The BSP data showed a significant change in the employment of Filipinos in the US, which has long been the most lucrative overseas jobs market and home to about 3.5 million expatriate Filipinos.

“Remittances from the US were worth $10.4 billion last year, or 42.6 percent of the total. That was up 4.7 percent in 2013, a much slower pace of growth than in previous years. The share of total remittances sent home from the US has fallen from almost 48 percent in 2008,” according to the FT.

The BSP figures also showed a more significant change in the number of “deployed workers” — or those with new or renewed overseas contracts, of which there were 1.84 million in 2013.

Only 3,306 such workers in 2013 were destined for the US and the number appears to be in decline, falling by an average of 2 percent a year between 2011 and 2013.

“If opportunities for new employment continue to fall, so, too, at some point will the numbers of those employed,” the FT said.

However, the slowdown in the growth of remittances from the US is being offset by those from a rising number of Filipino workers in the fast-growing economies of the Middle East and Asia, also according to the BSP figures.

The Middle East accounted for 22 percent of remittances in 2014, up from 16 percent in 2011, while Asia’s share rose to 14.6 percent last year, from 12.8 percent in 2011.

“Remittances per worker in the US are about double those from the Middle East and Asia. If the shift from West to East continues, it will pose a threat to overall volumes and, potentially, to consumer spending and economic growth at home,” the FT said.

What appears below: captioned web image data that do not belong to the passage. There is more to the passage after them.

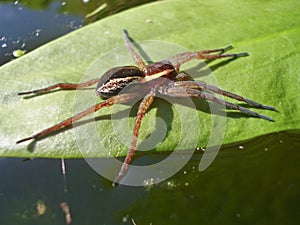 The semiaquatic raft spider hunter Dolomedes fimbriatus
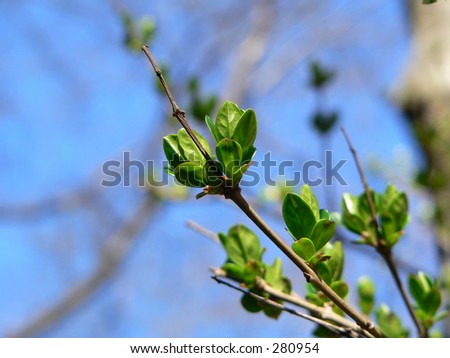 Leaf bud and new leaves on a branch in spring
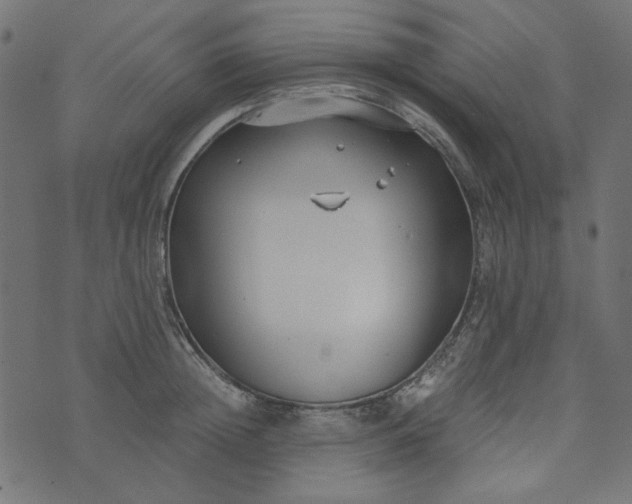 X0000073720852200608171201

The Middle East accounted for 47 percent of all deployed overseas Filipino workers in 2013, which grew by more than 8 percent a year over the previous three years. In Asia, with 26 percent of the total, the number was growing at more than 20 percent a year.

In another analysis, Asian Nikkei Journal said the Philippines’s strong economic numbers mask serious problems.

“Besides endemic corruption, the country’s dependence on overseas remittances has slowed the development of infrastructure and led to stagnant job growth, particularly in manufacturing,” it said. “Traffic jams are ubiquitous. The country’s rickety infrastructure has discouraged overseas investors from making bets on the country.”

Cumulative direct foreign investment (FDI) in the Philippines is only 20 percent as high as that in Indonesia and about 60 percent that of Vietnam, according to the United Nations Conference on Trade and Development.

In a survey of CEOs by the World Economic Forum, the quality of Philippines infrastructure, including railways, ports and airports, was ranked the lowest among the six big economies of the Association of Southeast Asian Nations.

“Aquino’s six-year term ends next year. The economic gains of recent years will hinge on whether his successor, whom Filipinos will choose in the May 2016 presidential election, continues the reforms Aquino has begun,” said Takayuki Miyajima, an economist at Japan’s Mizuho Research Institute.